2. Choose a label that would lead to alphabetized lines. While not as important as a color linkage, this would provide riders with one more way to interpret the order of the lines.
In other words, rather than have to choose, Sound Transit could adopt an integrated labeling strategy that would allow for users to identify lines in several ways! I have even created an initial suggestion for labels based on this idea. The ordinal letters, colors combined with symbols could make it particularly clearer for non-English speaking travelers, kids and others who can’t yet read English well.
My Initial Labeling Scheme
Red Line. Line letter: A. Label name: Apple Line. Specific color: Medium/dark red (as a red delicious apple). Symbol: an apple. An apple is often associated with red.
Tacoma Link. Line letter: B. Label name: Bear Paw Line. Specific color: Medium brown (as a grizzly bear). Symbol: a bear’s paw. Curiously, Tacoma Link has not been slated for a line color; it may be useful to do this for a number of reasons. Bears are often associated with brown.
Blue Line. Line letter: C. Label name: Cascadia Line. Specific color: Sky Blue (as a sky color above the silhouette from the Cascades). Symbol: snow-covered mountains (Mt. Si or Mt. Rainier?) against sky. The term Cascadia has often been used in local slang.

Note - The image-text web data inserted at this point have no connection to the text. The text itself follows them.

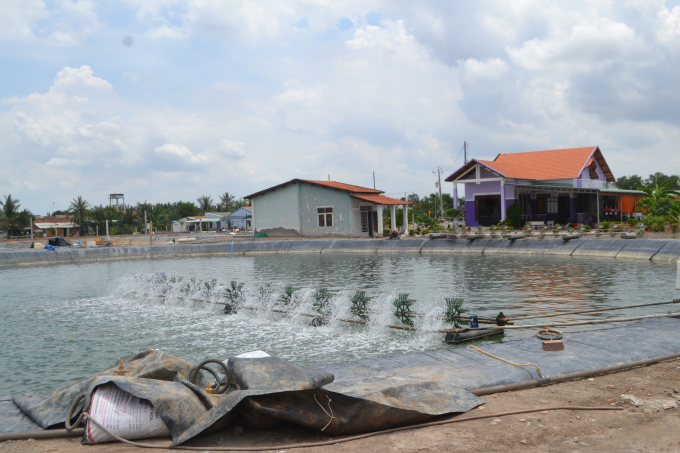 Nhiều người dân nuôi tôm xã Tân Chánh trở thành tỷ phú nhờ chuyển đổi sang nuôi tôm công nghệ cao. Ảnh: Minh Sáng.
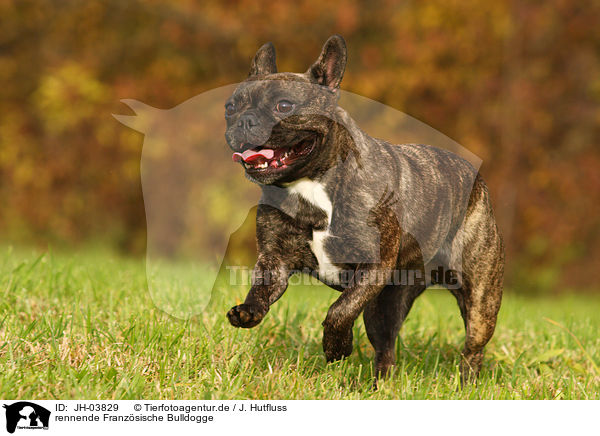 rennende Franzsische Bulldogge / running french bulldog / JH-03829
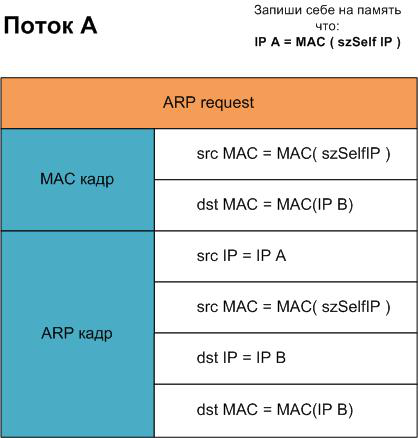 arp A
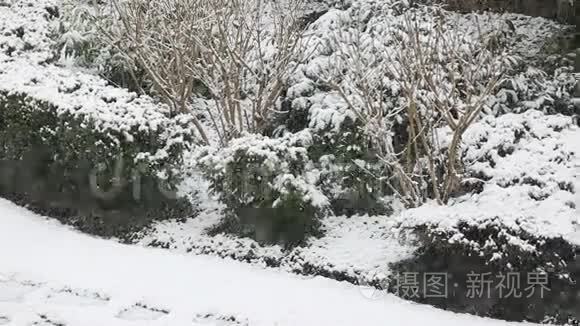 大雪纷飞视频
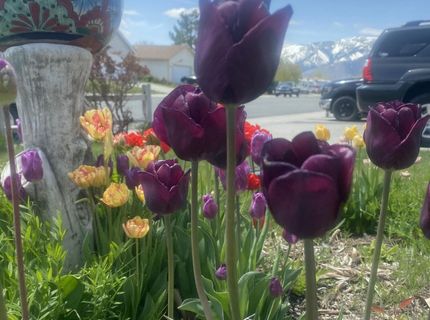 1492 Mary Jo Drive, Gardnerville, NV 89460 Photo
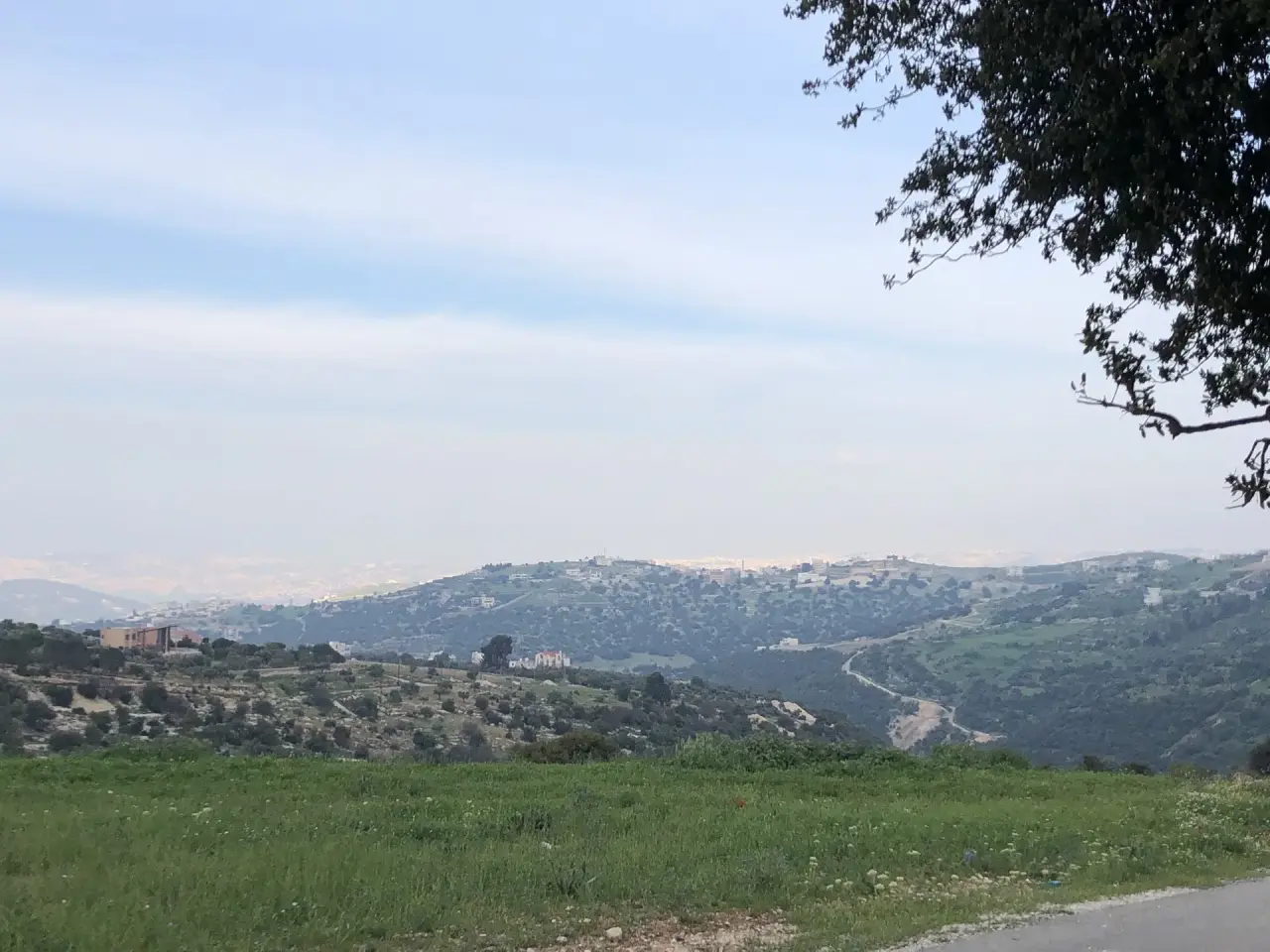Planted, fenced 3,600 m² plot in Zay, Salt, on two streets with views to Ajloun and Jerash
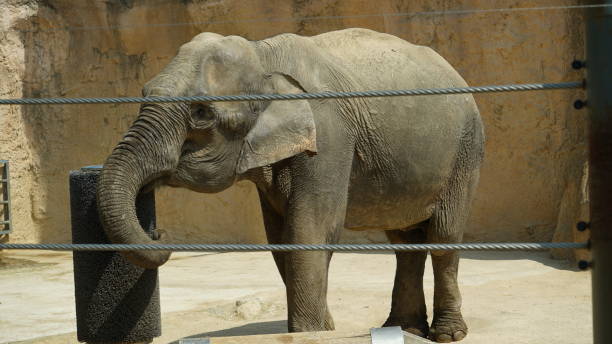 istock A baby elephant in a zoo 2121267141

Green Line. Line letter: D. Label name: Duwamish Line. Color: Bright Green (perhaps similar to the color of Sounders, Seahawks and evoking a green river). Synbol: native American symbol or silhouette as appropriate. Since our region was home to the Duwamish tribe including Chief Sealth; honoring their legacy is wholly appropriate.
Fifth Line. Line letter: E. Label name: Eagle Line. Color: Darker gray (as in bald eagle feathers). Symbol: an eagle’s head or body. With major colors already assigned; the next label can be flexible on color choice. Honoring the many eagles in our region seems a good label for “E”.
I’ve devised even more initial line labels using these same principles.
F — Forest Line, with dark green. Symbol: tall evergreen trees in a forest
G — Grapevine Line, with darker purple. Symbol: grape bunch attached on a vine
H — Husky Line, with gold (UW color). Symbol: a husky head
I — Independence Line, with navy blue (US flag color). Symbol: a star
J — Jazz Line, with black (piano keys or sheet music staff). Symbol: a grand piano, a keyboard or notes
There are merely initial labels, colors and symbols. I would suggest that ST create a professional artistic process using seasoned marketing professionals and trademark attorneys to develop great proper labels. Still, I do think there is quite a lot of merit in developing a labeling scheme like this one for a multi-line system in our multi-operator transit region.